Vous dites d’abord que : «  La taille de l’unité de traitement des déchets a été choisie par rapport à la production de la population. ». Vous savez pourtant que la capacité de traitement est sujette à caution. Pour mémoire, nous vous rappelons ce qu’écrivait à ce propos le commissaire enquêteur dans son rapport consacré au Plan de Gestion des Déchets : « « les chiffres restent inexpliqués, et sans motivation expresse...  » et un peu plus loin : « Les chiffres [...] pour le dimensionnement de l’unité de valorisation énergétique et des volumes d’enfouissement et qui figurent au dossier du plan restent sans explication suffisante... ». Ces doutes sont d’ailleurs, vous le savez aussi, ceux émis par le préfet dans son avis. Évidemment, la taille de ce projet est déterminante puisqu’elle conditionnera le coût de l’investissement et l’équilibre financier global. Selon nos recherches, appuyées sur l’expertise de l’ONG « Zéro Waste », ce dimensionnement ne tient pas compte de la baisse prévisible du gisement d’OMR liée à l’application de la redevance incitative, à l’évolution du cadre législatif ou à la mise en place de mesures volontaristes.

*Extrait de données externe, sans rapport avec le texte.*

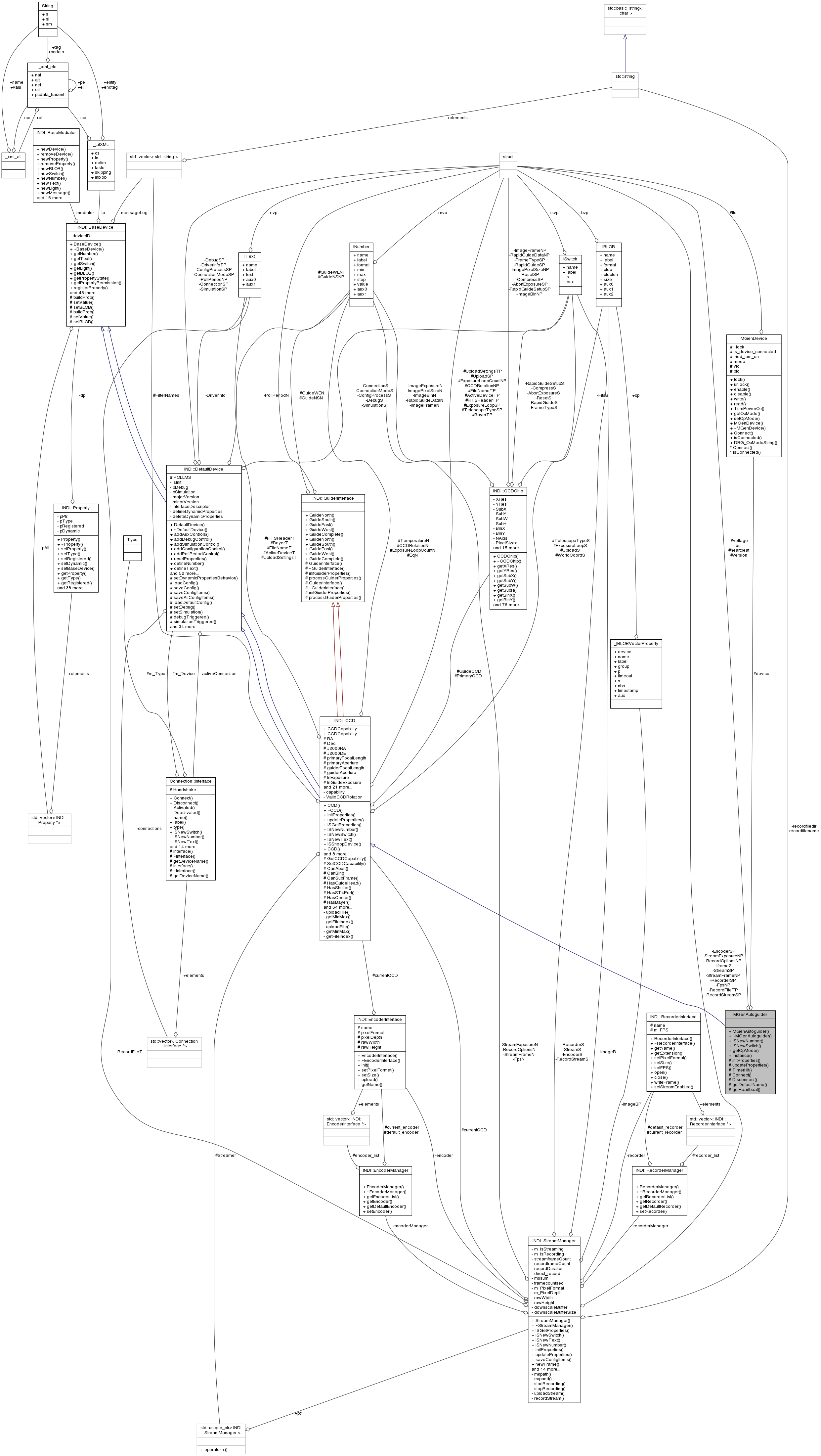 Collaboration graph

Vous poursuivez en précisant : « Ce n’est pas parce qu’on va implanter un incinérateur qu’on va arrêter les actions mises en place au niveau des déchets. ». Nous n’en doutons pas. Mais comment, demain, nourrir un four de 60 000 tonnes si le volume des déchets est inférieur à ce chiffre ? Or, les projections faites par le Conseil Général s’arrêtent à 2026, soit à peine 5 ans après la mise en service d’un incinérateur prévu pour fonctionner 40 ans. Si les actions pour réduire nos déchets (redevance incitative, méthanisation, tri, efforts des industriels…) portent leurs fruits, cet incinérateur sera alors rapidement surdimensionné. Le coût de son fonctionnement devra être supporté par le contribuable. La Cour des Comptes, elle-même, dans un rapport de 2011 pointe ce problème. Selon Penelope Vincent-Sweet, pilote du réseau Déchets de FNE, « De nombreux cas similaires à ceux relevés par la Cour des Comptes existent en France. Comme les incinérateurs peinent à remplir leurs fours, les collectivités hésitent à appuyer fortement la prévention par peur de manquer de déchets et de mettre en péril la viabilité financière de leur équipement.  »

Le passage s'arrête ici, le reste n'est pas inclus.